## Instructions for the task
Please restate every record below word for word and skip the pictures.

## Data under study
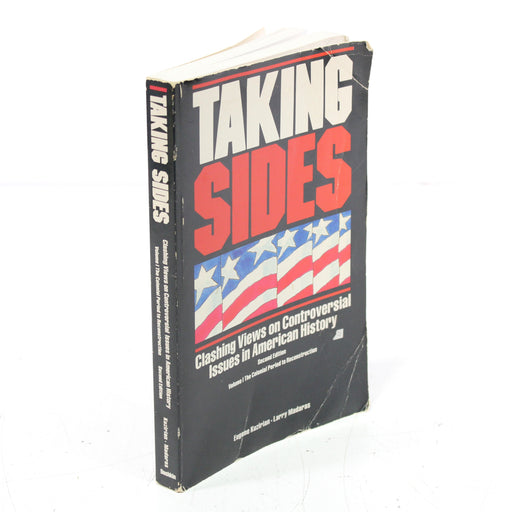 Taking Sides: Clashing Views on Controversial Issues in American History by Kuzirian Paperback Book (1987)-Books-SpenCertified-vintage-refurbished-electronics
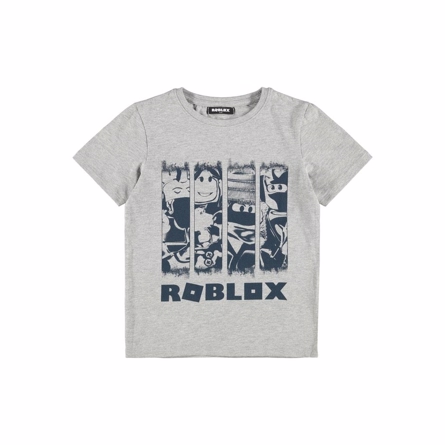 NAME IT Roblox Tee Marcos Grey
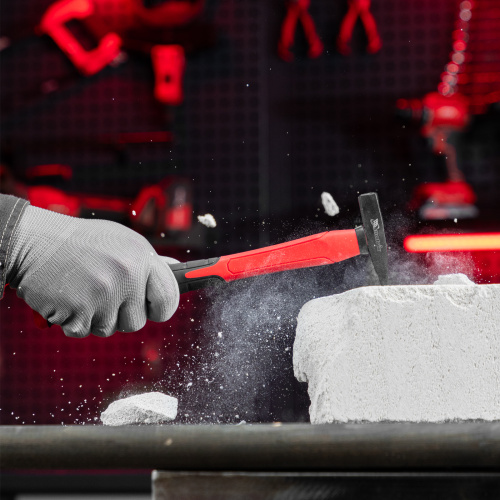 Молоток слесарный optimal, 100 г, фибергласовая обрезиненная рукоятка, квадратный боек Matrix по ценам производителя в Екатеринбурге с доставкой по всей России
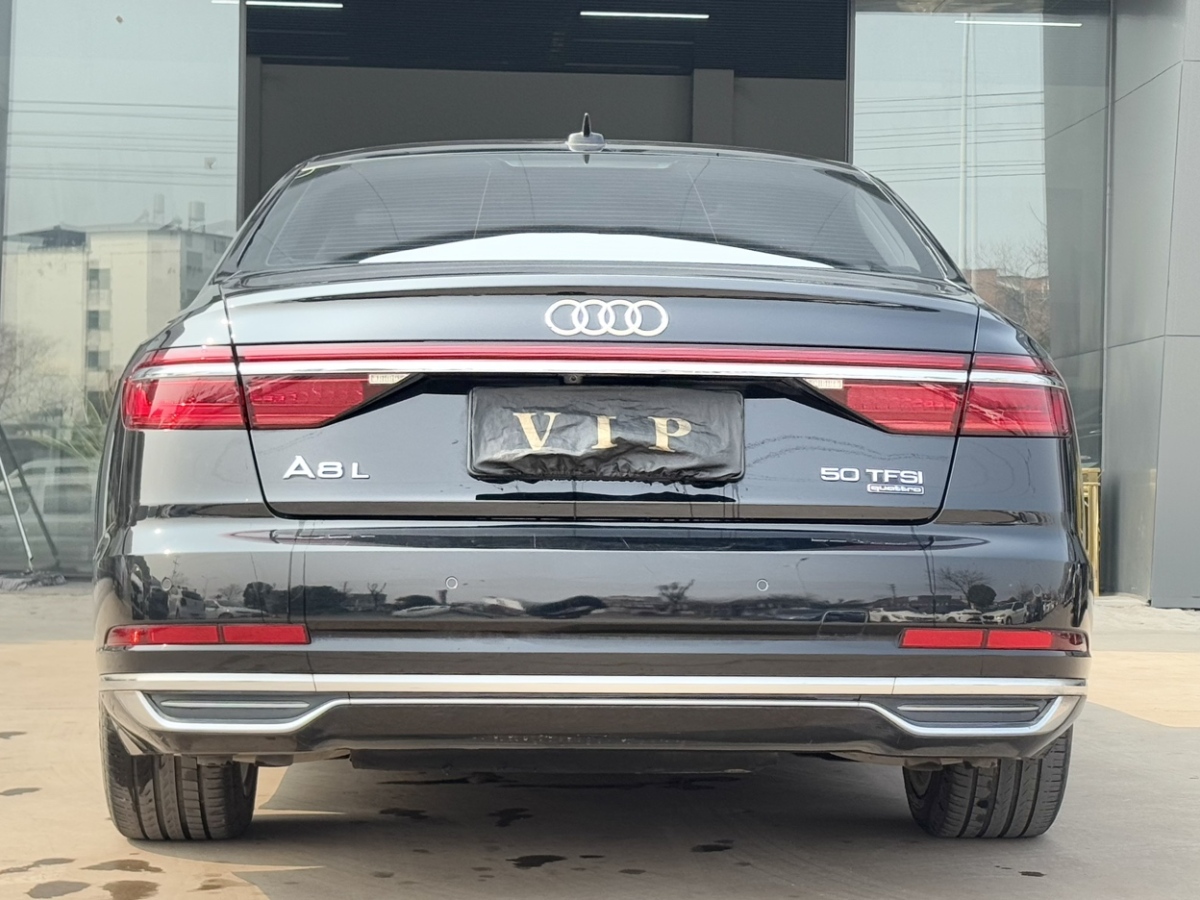 奧迪 奧迪A8  2019款 改款 Plus A8L 55 TFSI quattro 豪華型圖片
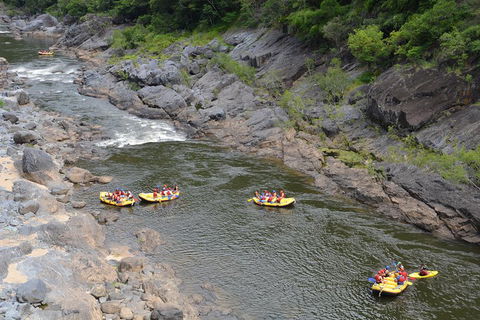 Barron River Half-Day White Water Rafting From Cairns - Phillip Island Accommodation 2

## Task result
 Taking Sides: Clashing Views on Controversial Issues in American History by Kuzirian Paperback Book (1987)-Books-SpenCertified-vintage-refurbished-electronics
 NAME IT Roblox Tee Marcos Grey
 Молоток слесарный optimal, 100 г, фибергласовая обрезиненная рукоятка, квадратный боек Matrix по ценам производителя в Екатеринбурге с доставкой по всей России
 奧迪 奧迪A8  2019款 改款 Plus A8L 55 TFSI quattro 豪華型圖片
 Barron River Half-Day White Water Rafting From Cairns - Phillip Island Accommodation 2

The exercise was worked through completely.